Justice Kagan Calls It Obamacare, but RBG Does Care About Public Opinion

September 13th, 2015

During a Q&A at Boston College, Justice Kagan referred to the ACA as “Obamacare.” I should know this for sure, but I think this is the first time a Justice actually referred to the law as Obamacare. Famously–or is it infamously–Justice Scalia referred to the law as “SCOTUScare” in King v. Burwell, but I can’t recall anyone calling it Obamacare.

Her broader remarks are of far more interest:

“We don’t stare at polls. We don’t say, ‘Do people like gay marriage or do they not like gay marriage? Do people like Obama­care or do they not like Obama­care,’ ” Kagan said yesterday during a question-and-answer at Boston College. “I think the nine of us would think that is utterly irrelevant to what we do.”

Kagan, formerly the dean of Harvard Law School, said “sometimes the majority of Americans want X, but sometimes the Constitution demands Y, and it’s too bad.”

Justice Ginsburg gives a very different impression. In an interview with Bloomberg in February–four months before the Court decided Obergefell–the Notorious RBG specifically noted that public perception on same-sex marriage has changed, and as a result, there would not be a “large adjustment” to the Court’s imminent decision.

The 81-year-old justice discussed the public’s increasing acceptance of gays against the backdrop of resistance by Alabama officials to a federal court order that took effect Monday and made it the 37th gay-marriage state. With the high court set to rule on the issue by June, she said it “would not take a large adjustment” for Americans should the justices say that gay marriage is a constitutional right.

“The change in people’s attitudes on that issue has been enormous,” Ginsburg said. “In recent years, people have said, ‘This is the way I am.’ And others looked around, and we discovered it’s our next-door neighbor — we’re very fond of them. Or it’s our child’s best friend, or even our child. I think that as more and more people came out and said that ‘this is who I am,’ the rest of us recognized that they are one of us.”


Contrast this with Ginsburg’s statements in 2013, when Hollingsworth v. Perry was before the Court, where spoke often of Roe v.
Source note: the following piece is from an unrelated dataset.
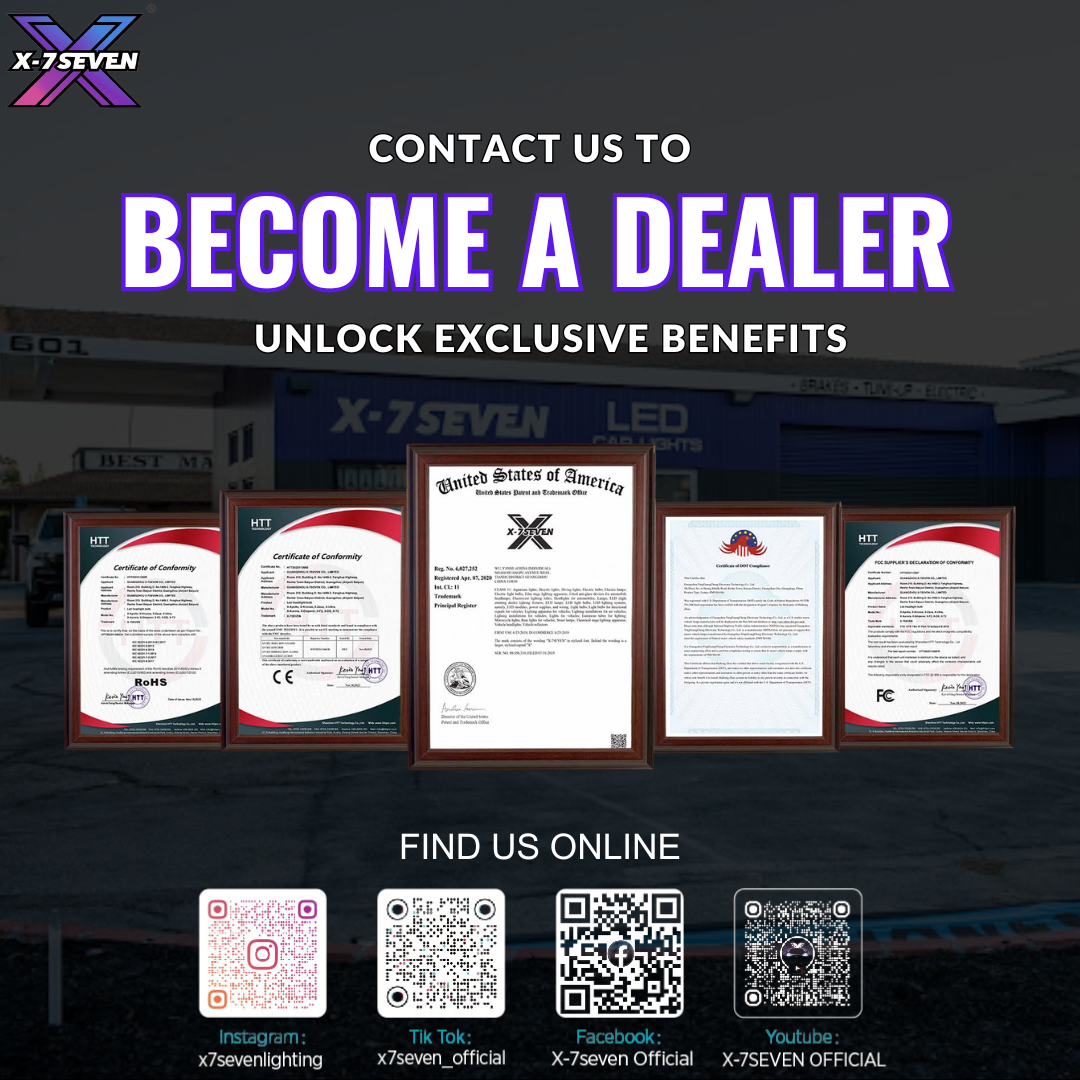 X-7SEVEN Beam-Focused X-Lumino Plus Series 140W 14000LM LHD H4 Mini Projector Lens for Motors and Car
Wade, which she argued moved too quickly ahead of public opinion on abortion:

“That was my concern, that the court had given opponents of access to abortion a target to aim at relentlessly,” she told a crowd of students. “… My criticism of Roe is that it seemed to have stopped the momentum that was on the side of change.”

The parallels to the same-sex marriage debate were obvious.

I hope Kagan doesn’t look at public opinion, but RBG certainly does.